More Money, More Spiritual Life

This blog is a follow-up of 'No Money, No Spiritual Life'.

If money is nothing more than an avatar of life-energy value which facilitates convenient bartering, wouldn't I be able to do more for the world if I had more of this value, if by default I am a highly inspiring, loving, generous and creative person?

It was a knock behind my head when T.Harv Ecker commented about how creative people and activists make justifications for not going out there and making more money; they say other things like creativity, culture, the environment, is more important than just making money. He quotes an example, "What about saving the environment and the rainforests?" I laughed out loud when T.Harv replied, "Well, make tons of money and buy the entire damn rainforest!!!".

It wouldn't have made such a big significance if not for the fact that I know my dead idol, River Phoenix, rose, like his name foretells, from ashes into someone who could buy nature for his family and an entire rainforest to preserve before his untimely death - Exit, poof. (That's how all these candles in the wind seem to go.) But the life River Phoenix had led prior to his death, a life of complete freedom, frugality, creativity and purpose was not his excuse to NOT go ahead and make tons of money so he could do more good for the world.

How many times have we heard about community projects and fabulous ideas that couldn't take flight or couldn't impact enough of people's lives because of a lack of funding? How many productive hours by passionate and creative people, end up being spent going around raising funds when it could've been spent generating more valuable ideas and reaching out to more people hands-on. No money, no spiritual life.

The identity and survival of Penang (or anywhere else with a similar scenario, for that matter) as a heritage, cultural, creative centre depends upon the money-making abilities of the business-minded people. I grew up with enough bad press about the evils of corporations and entrepreneurs who rape, plunder and destroy earth for their mansions and luxury cars. Enough to know that 'corporations, and their never-ceasing bottom-line chant' are not people I will invest my life energy towards.

But then I see Anita Roddick. And then I see T.Harv Ecker. And then I start seeing thousands and thousands of others like them who are holding this world together, forming a barricade against the onslaught of mindless and senseless capitalism. These are people who have used a neutral system to their advantage. It's not the system, it's the people behind them. While the creative, spiritual, righteous, intellectual, professional, ethical ones are sitting in the pasture like lambs holding a tea-party to console each other about the dangers outside these white picket fences, the hungry capitalists lurk just outside, ready to unleash a series of actions that will make this world inhospitable at best, uninhabitable in the end.

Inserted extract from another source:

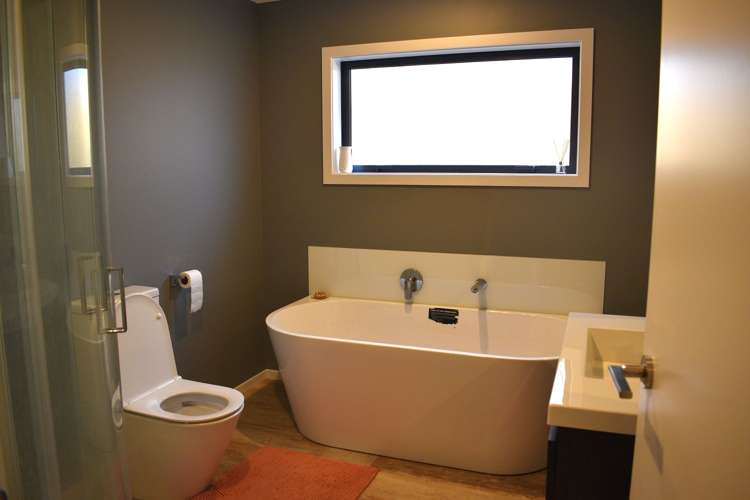 25 Te Ara o Roimata Wainuiomata_14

So I suppose, if our ultimate aim is to have great spiritual life, then we must push back. With the energy of love, ethics and purpose, we must push the barrier back so that in the end our type of existence becomes the Circle, and not we, the encircled. Capitalism can work our way. Anita Roddick has showed us how. We can choose to live more, or live less, with more or with less money, that's for sure. But in the end, we gotta admit that we can DO more with money than we can do without money. When we live, we live our own life, and we rest in our own grave. When we do, we impact the lives of others, for better or for worse. I say let the good people Do instead of being done to.